Backup and Advanced Settings - Amazon Data Firehose

Amazon Data Firehose was previously known as Amazon Kinesis Data Firehose

Backup and Advanced Settings

This topic describes how to configure the backup and the advanced settings for your Firehose stream.

Backup Settings

Amazon Data Firehose uses Amazon S3 to backup all or failed only data that it attempts to deliver to your chosen destination.

Important

Backup settings are only supported if the source for your Firehose stream is Direct PUT or Kinesis Data Streams.

You can specify the S3 backup settings for your Firehose stream if you made one of the following choices:

  • If you set Amazon S3 as the destination for your Amazon Data Firehose Firehose stream and you choose to specify an AWS Lambda function to transform data records or if you choose to convert data record formats for your delivery stream.

  • If you set Amazon Redshift as the destination for your Amazon Data Firehose Firehose stream and you choose to specify an AWS Lambda function to transform data records.

  • If you set any of the following services as the destination for your Firehose Firehose stream: Amazon OpenSearch Service, Datadog, Dynatrace, HTTP Endpoint, LogicMonitor, MongoDB Cloud, New Relic, Splunk, or Sumo Logic.

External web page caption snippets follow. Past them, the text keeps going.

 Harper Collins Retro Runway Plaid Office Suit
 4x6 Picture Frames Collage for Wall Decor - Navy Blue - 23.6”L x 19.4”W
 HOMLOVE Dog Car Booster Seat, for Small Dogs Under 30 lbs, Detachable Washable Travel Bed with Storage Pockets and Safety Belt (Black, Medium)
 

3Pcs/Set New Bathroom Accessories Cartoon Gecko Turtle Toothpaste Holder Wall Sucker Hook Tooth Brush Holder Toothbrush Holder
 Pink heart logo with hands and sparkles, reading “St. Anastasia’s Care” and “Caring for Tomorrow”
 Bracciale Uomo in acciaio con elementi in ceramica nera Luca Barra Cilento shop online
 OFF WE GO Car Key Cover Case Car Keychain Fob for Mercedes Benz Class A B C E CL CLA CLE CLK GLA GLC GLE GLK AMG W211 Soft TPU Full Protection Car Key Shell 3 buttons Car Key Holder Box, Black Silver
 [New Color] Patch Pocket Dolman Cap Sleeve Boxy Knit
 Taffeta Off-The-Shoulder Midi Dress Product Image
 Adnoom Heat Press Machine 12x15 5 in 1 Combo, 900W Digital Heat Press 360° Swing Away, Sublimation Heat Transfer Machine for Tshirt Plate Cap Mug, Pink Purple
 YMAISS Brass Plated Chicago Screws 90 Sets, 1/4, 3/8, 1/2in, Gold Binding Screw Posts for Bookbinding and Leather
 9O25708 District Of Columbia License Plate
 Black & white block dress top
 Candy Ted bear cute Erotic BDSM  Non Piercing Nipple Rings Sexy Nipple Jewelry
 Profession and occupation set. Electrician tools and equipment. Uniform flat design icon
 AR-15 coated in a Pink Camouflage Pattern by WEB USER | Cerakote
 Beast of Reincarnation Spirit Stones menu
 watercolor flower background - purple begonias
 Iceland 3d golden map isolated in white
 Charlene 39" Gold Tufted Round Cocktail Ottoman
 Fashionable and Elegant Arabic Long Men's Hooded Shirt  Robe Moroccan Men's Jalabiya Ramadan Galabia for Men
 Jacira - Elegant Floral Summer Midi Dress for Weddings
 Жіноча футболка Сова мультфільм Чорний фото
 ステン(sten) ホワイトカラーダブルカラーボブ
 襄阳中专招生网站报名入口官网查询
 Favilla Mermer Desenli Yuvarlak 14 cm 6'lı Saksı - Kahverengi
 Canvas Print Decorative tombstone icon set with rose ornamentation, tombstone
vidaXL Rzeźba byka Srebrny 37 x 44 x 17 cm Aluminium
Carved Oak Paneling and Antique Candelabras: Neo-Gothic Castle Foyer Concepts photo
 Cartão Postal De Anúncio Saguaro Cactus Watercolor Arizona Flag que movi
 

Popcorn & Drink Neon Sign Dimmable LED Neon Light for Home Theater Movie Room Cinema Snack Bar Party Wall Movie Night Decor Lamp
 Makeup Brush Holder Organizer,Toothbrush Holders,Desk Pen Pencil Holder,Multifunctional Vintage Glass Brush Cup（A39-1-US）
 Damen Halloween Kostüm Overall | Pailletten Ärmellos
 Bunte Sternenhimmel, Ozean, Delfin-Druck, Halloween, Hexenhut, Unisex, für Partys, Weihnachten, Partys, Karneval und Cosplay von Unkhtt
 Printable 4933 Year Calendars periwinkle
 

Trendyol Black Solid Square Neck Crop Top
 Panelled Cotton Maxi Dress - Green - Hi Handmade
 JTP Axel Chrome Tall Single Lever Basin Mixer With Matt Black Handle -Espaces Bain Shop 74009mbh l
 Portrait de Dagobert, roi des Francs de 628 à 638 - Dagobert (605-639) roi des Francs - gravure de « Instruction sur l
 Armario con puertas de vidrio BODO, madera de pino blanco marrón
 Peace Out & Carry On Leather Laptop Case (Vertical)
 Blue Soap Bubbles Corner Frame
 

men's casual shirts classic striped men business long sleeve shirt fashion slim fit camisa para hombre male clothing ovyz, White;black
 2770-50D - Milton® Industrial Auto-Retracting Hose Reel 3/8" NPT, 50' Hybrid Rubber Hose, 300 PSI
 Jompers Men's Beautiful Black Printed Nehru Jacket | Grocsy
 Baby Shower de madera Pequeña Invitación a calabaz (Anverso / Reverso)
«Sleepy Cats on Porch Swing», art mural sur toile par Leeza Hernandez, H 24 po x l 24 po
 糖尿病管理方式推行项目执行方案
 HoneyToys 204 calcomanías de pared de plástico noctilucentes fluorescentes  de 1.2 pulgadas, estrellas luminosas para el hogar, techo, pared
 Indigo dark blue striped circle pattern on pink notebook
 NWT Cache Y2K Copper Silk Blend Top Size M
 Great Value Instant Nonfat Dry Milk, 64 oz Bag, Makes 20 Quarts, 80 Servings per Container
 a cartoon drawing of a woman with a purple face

The following are the backup settings for your Amazon Data Firehose delivery stream:

  • Source record backup in Amazon S3 - if S3 or Amazon Redshift is your selected destination, this setting indicates whether you want to enable source data backup or keep it disabled. If any other supported service (other than S3 or Amazon Redshift) is set as your selected destination, then this setting indicates if you want to backup all your source data or failed data only.

  • S3 backup bucket - this is the S3 bucket where Amazon Data Firehose backs up your data.

  • S3 backup bucket prefix - this is the prefix where Amazon Data Firehose backs up your data.

  • S3 backup bucket error output prefix - all failed data is backed up in the this S3 bucket error output prefix.

  • Buffering hints, compression and encryption for backup - Amazon Data Firehose uses Amazon S3 to backup all or failed only data that it attempts to deliver to your chosen destination. Amazon Data Firehose buffers incoming data before delivering it (backing it up) to Amazon S3. You can choose a buffer size of 1–128 MiBs and a buffer interval of 60–900 seconds. The condition that is satisfied first triggers data delivery to Amazon S3. If you enable data transformation, the buffer interval applies from the time transformed data is received by Amazon Data Firehose to the data delivery to Amazon S3. If data delivery to the destination falls behind data writing to the Firehose stream, Amazon Data Firehose raises the buffer size dynamically to catch up. This action helps ensure that all data is delivered to the destination.

  • S3 compression - choose GZIP, Snappy, Zip, or Hadoop-Compatible Snappy data compression, or no data compression. Snappy, Zip, and Hadoop-Compatible Snappy compression is not available for delivery streams with Amazon Redshift as the destination.

  • S3 file extension format (optional) – Specify a file extension format for objects delivered to Amazon S3 destination bucket. If you enable this feature, specified file extension will override default file extensions appended by Data Format Conversion or S3 compression features such as .parquet or .gz. Make sure if you configured the right file extension when you use this feature with Data Format Conversion or S3 compression. File extension must start with a period (.) and can contain allowed characters: 0-9a-z!-_.*‘(). File extension cannot exceed 128 characters.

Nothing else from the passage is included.